Video: How to make computers less biased
Michael > March 18th, 2022, 12:12 AM
The Economist uploaded this video to their YouTube channel on February 10 (2022).
Watch How to make computers less biased | The Economist from YouTube
SF-Fandom not responsible for video content
SF-Fandom reserves the right to remove inappropriate video content from its discussions.
YouTube may remove the video from its service without notification.
This is a topic with which I have some familiarity for both professional and personal reasons. However, some of the story's revelations were new to me.
The video implies (near the beginning) that computer algorithms are "biased" - that is, that they tend to favor certain outcomes - in this case, racially motivated outcomes.
The debate and discussion about algorithmic bias is quite old, but was never cast in racial terms in my experience. And the video leaves that context in the realm of ambiguity. As the story unfolds, it leads to the conclusion that the data used to train the machine learning algorithms was the source of the bias.

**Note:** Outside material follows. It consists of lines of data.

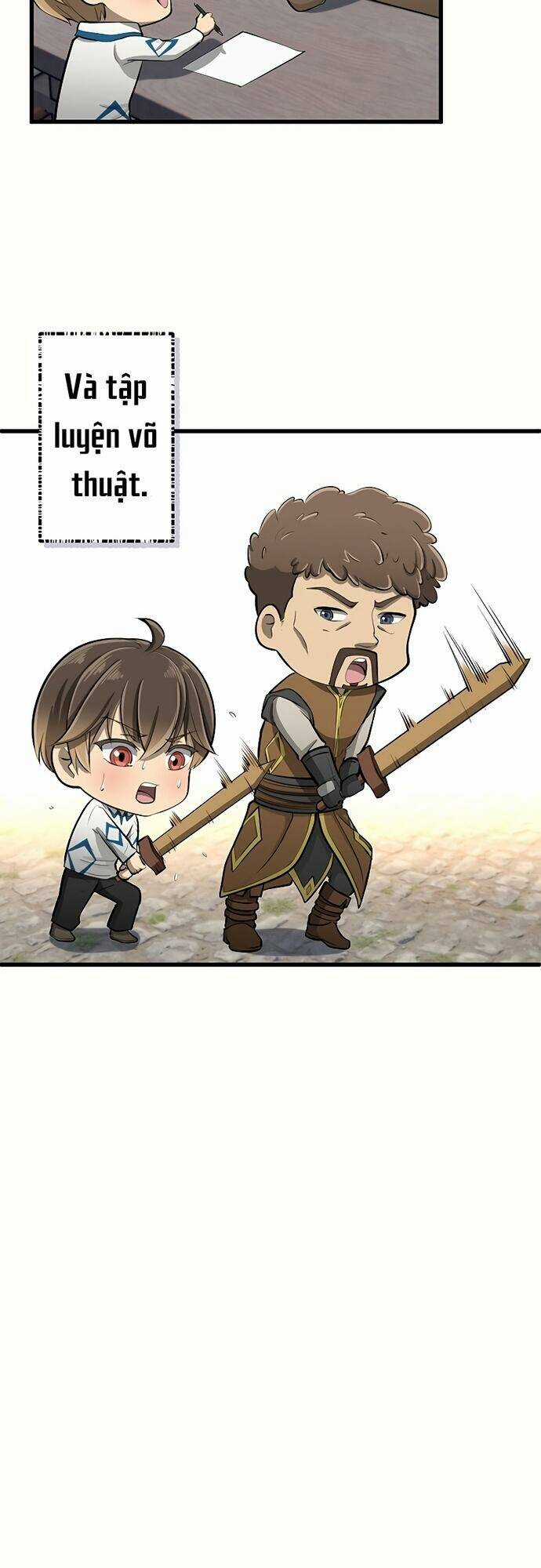 Tới Thế Giới Khác Của Riêng Tôi Chapter 8 trang 21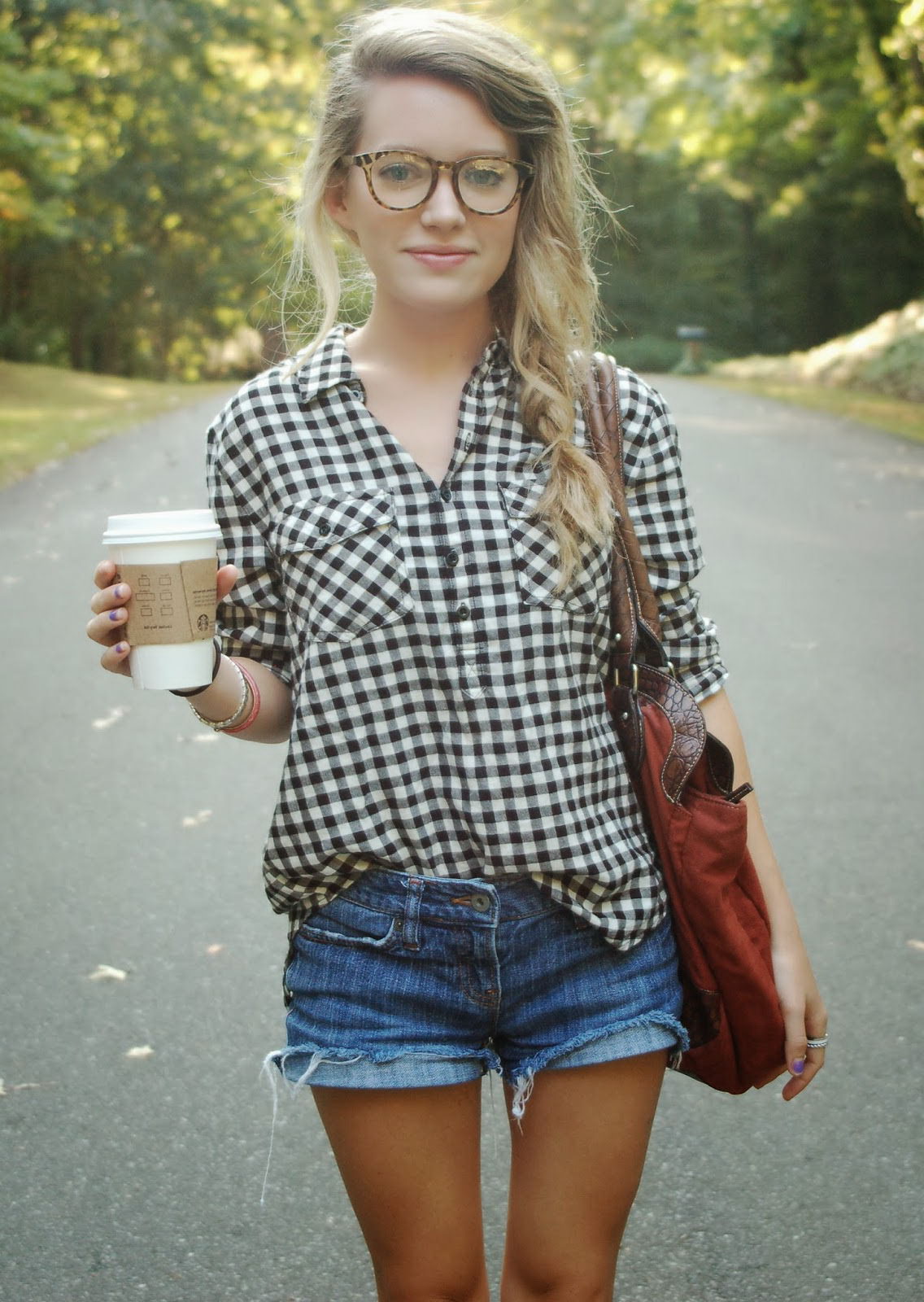 Denim-Shorts-Are-In-Style-For-Summer-2015-7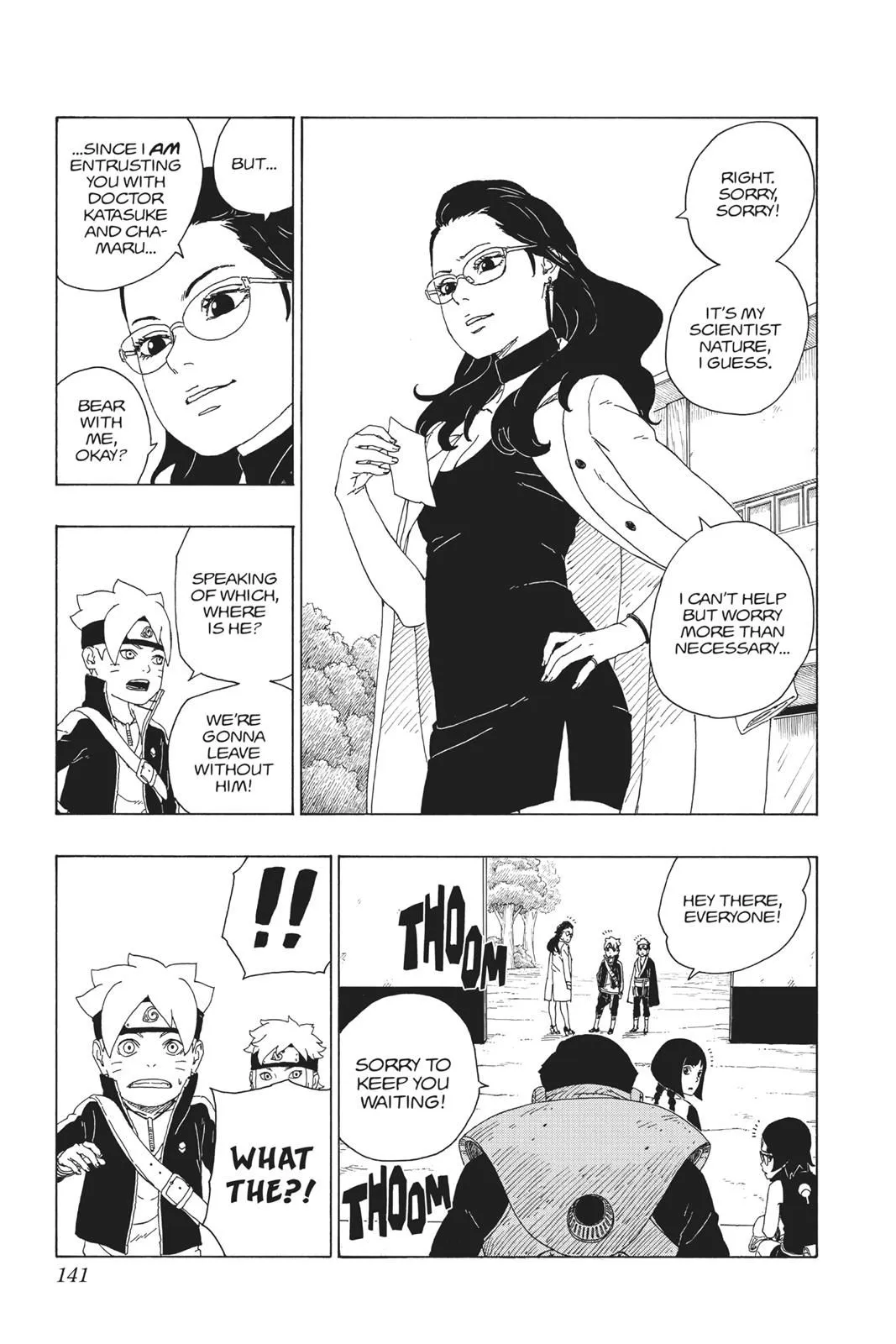 Read Boruto Naruto Next Generations (EN) Manga Online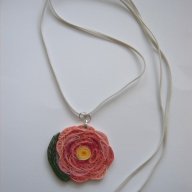 Комплект " Рози", снимка 2 - Колиета, медальони, синджири - 18529665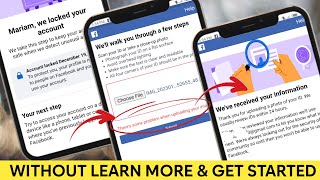 How to Unlock Facebook Account without Learn More if There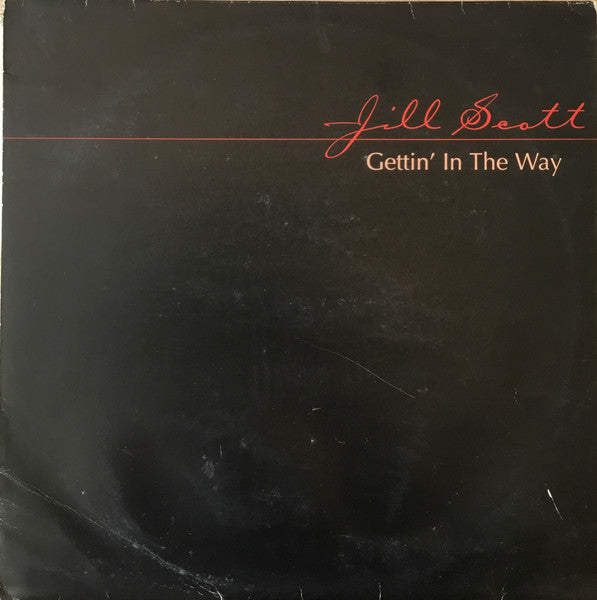 Jill Scott : Gettin' In The Way (12", Promo)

So, that's probably true in some cases. But machine learning bias can be much more subtle than that. The machine learning "community" consists of several million people across the world who have professional and aspirational interests in this sub-discipline of computer science. It's not a simple, easily defined topic by any means.
Algorithmic bias is the subject of many research papers. Some researchers have claimed to find bias that exists in the code (not necessarily racial bias, but given the right data it could perform that way).
There are probably multiple types, perhaps multiple levels of bias. For example, the people who write the algorithms (and they comprise a relatively small percentage of the several millions of people who are active in machine learning) think in certain terms. They approach problem solving in certain ways. As a computer scientist, I know that we are taught to write algorithms according to a consistent set of rules - that is, if the algorithms are rigidly evaluated according to the rules of logic.
Computer science requires a fair amount of math, especially at the more advanced levels. I had to take calculus and linear algebra and set theory to earn my degree. You write a lot of proofs, and learning to prove an algorithm is logically correct (that it will perform as desired or expected) is a painful process. It looks so easy when the professor writes "Given A and knowing that b and c are similar and E is the set of ..." you think all I have to do is follow these steps and I've got a proof. And so students' papers come back with a lot of red marks, or maybe just a big red "NO! It Fails Here!"
Formal logic is a pain to learn.
But when you get out into the real world of computing, where you have deadlines and join teams with other people you've never worked with before, you lose track of that formal logic. People don't invest much time in writing those formal proofs. In fact, we tend to depend on tools written by other programmers to help us find the flaws in our logic. Or we just run the code and fix it until we get the results we desire.
The problem is that all this code tends to get very complicated and it can produce results you don't desire only because you didn't think about those results. That's where "it's a feature, not a bug" becomes a classic programmer joke. The unforeseen consequences of running code on data you didn't know could exist can look bizarre in the best/worst-case scenario - there's no doubt it's a bug in that case. But sometimes the output looks very familiar, so close to what you expect/want that it doesn't look like a bug right away.
Software could be in the field for days, weeks, months, or even years before these subtle bugs are discovered. And I know this because I've had to fix other people's code years after it was written. I've also reported bugs to software vendors that other people missed. This happens all the time. People are constantly finding bugs that slipped past development specs, quality control, alpha and beta testing, and even several versions of real-world releases.
Machine learning algorithms are no different from other types of software in that respect. And that brings me back to the Economist video. Yes, they sort of concclude that the data selection is most likely the problem. But what the video journalists missed (or maybe misunderstood) was that there is a very real chance that these algorithms do have certain biases that can't be fixed by fixing the data.
And that should give everyone pause regardless of how much they understand or know about computer science and machine learning.
So why did I put this into the Politics forum? Well, it just seemed like the right place for a video that discusses racial bias in computer algorithms. It may not be a perfect fit, but that's my bias revealing itself.